Which brings us full circle on this issue of the ineffectiveness of laws. The law can get your window restored but it can’t teach that kid a damned thing that’s useful. We have Constitutional protections against discrimination and yet many people still suffer inequities because of their race, national heritage, gender, religion, age, or because of disabilities. The laws do not protect us from people discriminating against us, they merely offer a system of redress when such things occur. Yes, they serve as somewhat of a deterrent to some people, but only to those who were inclined to do the right thing anyhow. In that way, laws can define the boundaries of moral or ethical behavior and clarify how law-abiding citizens should act. But those who seek to harm, take advantage of, or punish others for simply being who they are will take those actions regardless of laws. Sadly, the law may simply inform them about the methods they should use to avoid suffering penalties. But the law will not stop people from behaving badly. Haters gonna hate.
If we want to effect a change in people’s behaviors, we need to make it clear that we – their neighbors – will not tolerate certain behaviors. Whether the unacceptable behavior is from a neighborhood kid or a coworker or a cop or a president-elect, it falls upon each of us to say to each of them in appropriate ways “this is not acceptable – the law applies to you, too”. I’m not talking about vigilantism, I’m talking about dialogue, gestures, compassion. Waiting for others to take action on our behalf has gotten us into this mess. Taking personal responsibility for the condition of our community is what will encourage mutual respect and banish hateful behavior. It’s on us to set the example of what law-abiding looks like, not just call the cops and let them sort it out. We have to model this thing called adulthood. Clearly, waiting for law enforcement and politicians to do the right thing is getting us nowhere.

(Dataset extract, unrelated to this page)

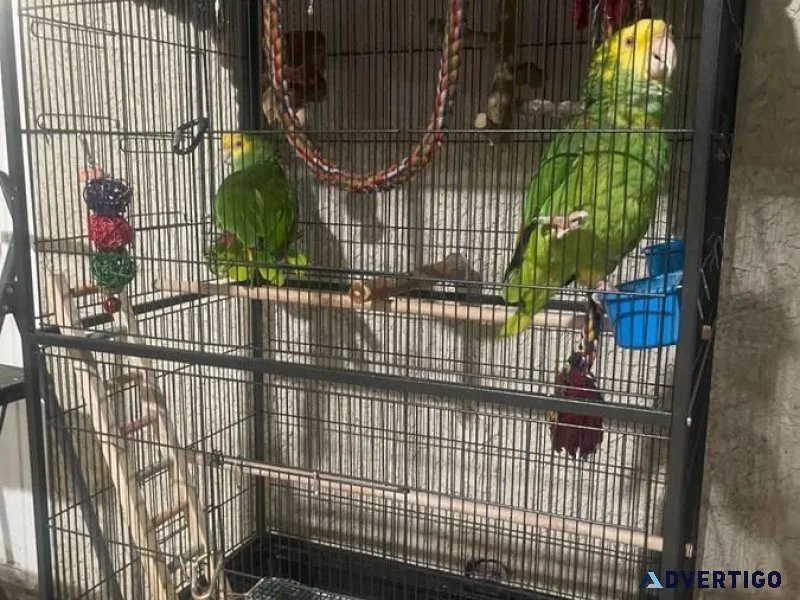 Amazon Parrots
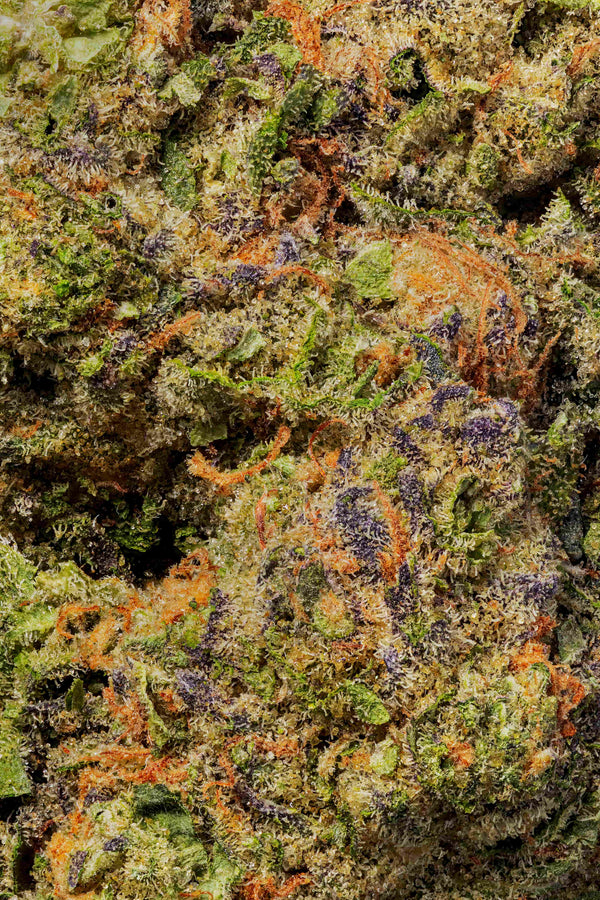 Beach Wedding THCa Flower Hybrid Sativa Dom.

While we ponder this topic of the effectiveness of our laws, and consider how to brew up a fresh pot of solutions in our hate-weary nation, these words from Dr. Martin Luther King, Jr. bring me comfort and encourage me to keep pressing forward, even on dark days like January 20th. Our President-elect doesn’t believe the law applies to him, and it seems surreal that someone who so blatantly disrespects our nation’s beliefs will now govern it. It is incumbent upon each of us to tell him that the law does apply to him and we do not condone his flagrant disregard for it, following Congressman John Lewis’ lead. Either we insist his behavior be regulated the same as ours, or we surrender our nation to a dictator without comment.